Lors de l’embauche d’un employé, les heures contraintes doivent être prises en compte dans le salaire. Il s’agit principalement des heures de trajets mais aussi des heures de « trou » en journée.
Intérêts du dédommagement des heures contraintes
Le dédommagement des heures contraintes a plusieurs avantages.
Premièrement à l’embauche, la proximité des candidats prendra un rôle plus important dans la décision, car choisir un candidat dont le domicile est éloigné, représente un coût plus élevé pour l’employeur. Augmenter la proximité des travailleurs de leur lieu de travail augmente le bien-être de ceux-ci et diminue également le trafic global.
De plus, les employeurs sont incités à réduire les « trous » dans les emplois du temps des travailleurs et si ceux-ci sont nécessaires, à préférer assigner des horaires hachés à des employés qui peuvent retourner chez eux rapidement, un « trou » ajoutant un aller-retour à dédommager.
Cela pousse aussi les employeurs à concentrer les horaires sur moins de journées, en privilégiant des semaines de quatre jours qui permettent de dédommager un aller-retour en moins.
Un intérêt supplémentaire est l’incitation des collectivités à améliorer le réseau de transport en commun. Le secteur privé est de la même manière incité à créer des antennes au lieu de se concentrer en métropole.
Tout ceci augmente le bien-être au travail tout en diminuant le trafic et donc la pollution.
Comment sont définies les heures contraintes.

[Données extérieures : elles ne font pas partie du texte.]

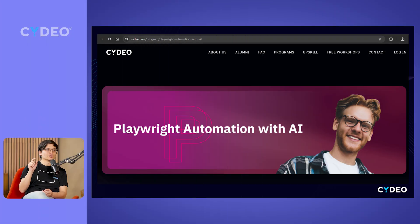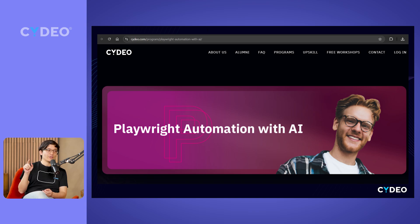How do I enroll in this program? Enrolling is pretty easy — you can do self-enrollment. Go to our website SIDEO.com, and under the upskill training section you will find Playwright Automation with AI. From there, click the 'Register Now' button and it will take you to the self-enrollment portal.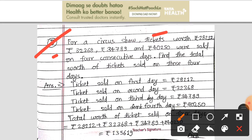Rs. 34,789 and Rs. 40,250 were sold on 4 consecutive days. Find the total worth of tickets sold on those 4 days.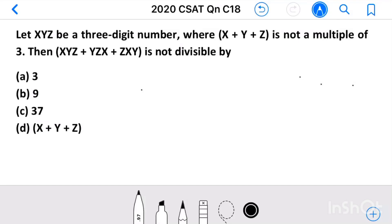Question number 18. Let x, y, z be a three-digit number, where x plus y plus z is not a multiple of 3. Then, xyz plus yzx plus zxy is not divisible by?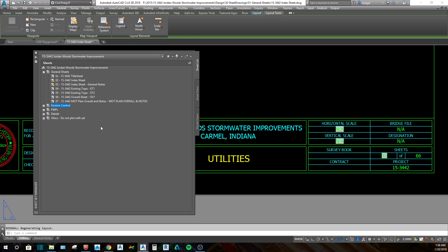And that is an overview of how to use sheet sets. It's the most efficient way to keep a list of current drawings in your project, the easiest way to print them, and the easiest way to number the sheets. Sheet sets are very nice — I hope this helps when you're using Civil 3D. It's the best way.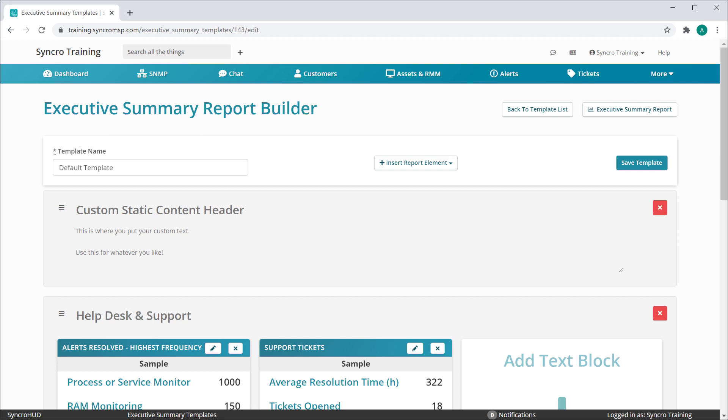These are great for explaining sections or groups of sections to your customers in further detail, or adding text to highlight the severity of some severely outdated or underpowered assets, for example. Like all of our element types, these can be reordered anywhere you like on the template.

Un employé est considéré sur son temps libre uniquement s’il a la possibilité d’être chez lui. On peut aussi le considérer sur du temps libre une fois par jour s’il peut fréquenter une cantine publique gratuite pendant une heure.
On le considère en cours de travail lors des horaires définis dans son emploi du temps. Ce temps est payé normalement.
Le temps restant est considéré comme du temps contraint. Bien que l’employé ne travaille pas, il ne peut pas être considéré comme libre de son temps. Il est supposé être en train de se rendre sur son lieu de travail ou d’en partir.
Pour savoir combien de temps il faut à un employé pour rejoindre son domicile, il suffit d’utiliser une plateforme publique qui référence tous les transports en commun existants. Les employés sont supposés se rendre sur leur lieu de travail en transport en commun pour ces calculs (véhicule personnel non obligatoire).
Montant du dédommagement
Le temps contraint est dédommagé au montant du salaire minimum horaire net pour le salarié. Il est à payer par l’employeur.
Questions fréquentes
Si l’employé a un « trou » dans son emploi du temps, mais qu’il s’amuse non loin de son lieu de travail pendant ce temps, combien d’heures contraintes sont comptées ?
On considère que l’employé est en temps libre seulement s’il a la possibilité d’être chez lui et cela même s’il décide de ne pas rentrer à son domicile (la possibilité n’est pas une obligation).
Par exemple, si le temps de trajet travail – domicile est d’une heure et que l’emploi du temps a un « trou » de trois heures, même si l’employé reste dans la ville où il travaille, s’il avait voulu être chez lui il n’aurait eu qu’une heure de temps libre. Ainsi on compte deux heures de temps contraint.
Que faire en cas de déménagement ?
L’employeur ne doit pas être contraint à augmenter ce dédommagement sur la base d’un choix de l’employé de déménager. De même l’employé ne doit pas se sentir lésé s’il se rapproche de son lieu de travail. C’est donc l’adresse à la signature du contrat qui est utilisée.
L’employé peut demander une mise à jour du contrat. L’employeur n’a pas à accepter, mais un refus représente un motif valable de rupture de contrat donnant droit aux allocations chômage si le déménagement est motivé.
L’employeur peut utiliser la nouvelle adresse de l’employé dans une mise à jour du contrat, uniquement si cette mise à jour présente un final net salaire plus dédommagement supérieur à ce qu’il touchait avant.
Que se passe-t-il si le réseau de transports en commun s’améliore ?
Les dédommagements sont recalculés chaque année à la baisse si le réseau de transport s’améliore.
Que se passe-t-il si le réseau de transports en commun se détériore ?
Une augmentation du temps contraint qui est du fait d’une détérioration du réseau de transport est prise en charge par la collectivité et non l’employeur.